Based on the interconnectedness of information networks, electricity systems and associated infrastructure remain vulnerable to cyberattacks, with a significant potential for widespread system outages, despite best efforts. Further, the technologies driving modernisation, coupled with continuously evolving regulations, make it difficult and expensive to stay ahead of those not playing by the rules.
Security steps, such as educating workers on best practices for securing laptops, thumb drives, substations and control centres, will not be enough to guarantee the safety of the electricity grid. A comprehensive security strategy is needed comprised of clear steps for protecting the grid.
The industrial and personal reliance on national power grids makes the impact of a successful attack troubling. The risk in not addressing the need for fundamentally and strategically changing cybersecurity strategies is compelling, yet activity remains tactical.

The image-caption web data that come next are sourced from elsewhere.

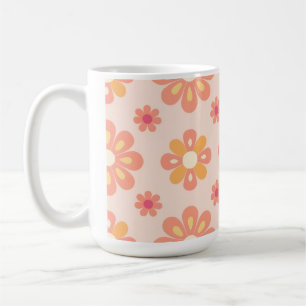 Elegant Orange Geometric Retro Floral Coffee Mug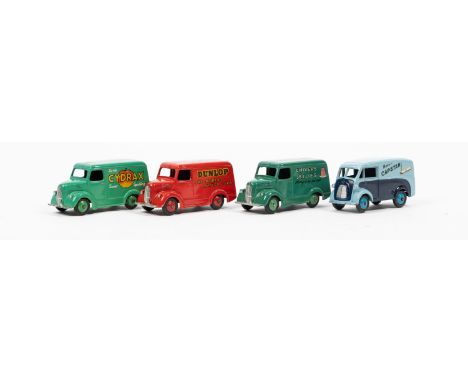 4 Dinky Toys. 3x Trojan Vans, CYDRAX in green, Chivers Jellies in dark green and a DUNLOP in red. Plus a Morris J, Capstan in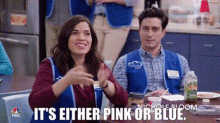 Superstore Amy Sosa GIF - Superstore Amy Sosa Its Either Pink Or Blue GIFs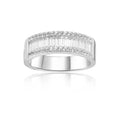 Abiding Jewelry Plating Long Lasting Hot Classic 925 Sterling Silver Jewellery Wholesale Half Eternity CZ Diamond Baguette Ring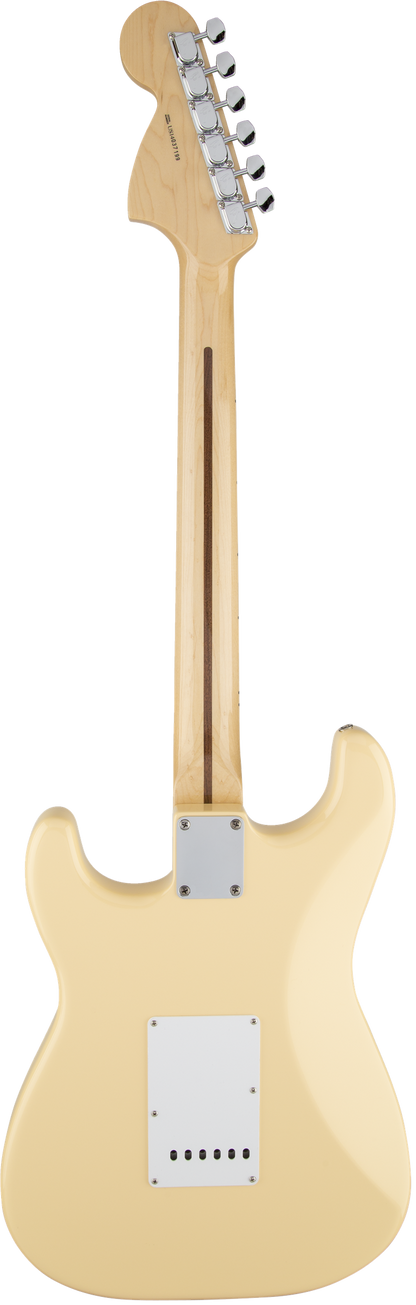 Back of Fender Yngwie Malmsteen Stratocaster Scalloped MP Vintage White.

Governing bodies issuing rules and regulations are trying to address these cyber risks, but their current actions cannot keep pace with broadening threat vectors. Companies have limited security resources available, and even these find themselves in continual tactical response mode rather than strategising ways to head off potential hackers.
Given the serious nature of this challenge, there are strategies and actions which utility organizations can take in order to reduce risks. But this is not a one-time fix. In the same way that “safety” is an ongoing and primary concern, “security” must also be managed with such seriousness. Security should be a system of flexible strategies and routine tasks that include every employee, supplier, process and technology. Security needs to be a truly holistic process where compliance is a result, not the driver. A culture of siloed compliance operations is untenable as a strategy for defending the power grid.
Utilities must take the following actions:
Integrate – Assimilate compliance concepts into your security program as strategic elements of your business.
Prioritize – Manage both security and associated compliance activities using a risk perspective. Have the ability to flex, repurpose, reorganize and refocus based on changing priorities.
Drive – Continuously employ tasks that provide a holistic status of interconnected activities required to meet compliance requirements and audits.
Verify – Routinely simulate penetration attempts, and a successful attack, to assess the company’s response, this is then followed immediately with targeted improvements.
Utilities cannot rely solely on current compliance standards and assume they have therefore properly safeguarded the grid from attackers. Rather, flexible, adaptive cybersecurity strategies, combined with strict compliance adherence, are needed to shield the grid from attacks that can come in all formats, not just malware. Cybersecurity and compliance cannot be seen as just “IT issues.” Instead, there must be ownership by multiple company stakeholders and execution by ALL company employees and suppliers. The best methods for getting all these stakeholders engaged? Simplify programs, reduce the burdens on overworked staff through increasing connectivity, prioritize actions based on risk, and underscore the need for continued vigilance and action. In doing so, a utility’s security challenges can be properly managed to the point where risks are sufficiently mitigated.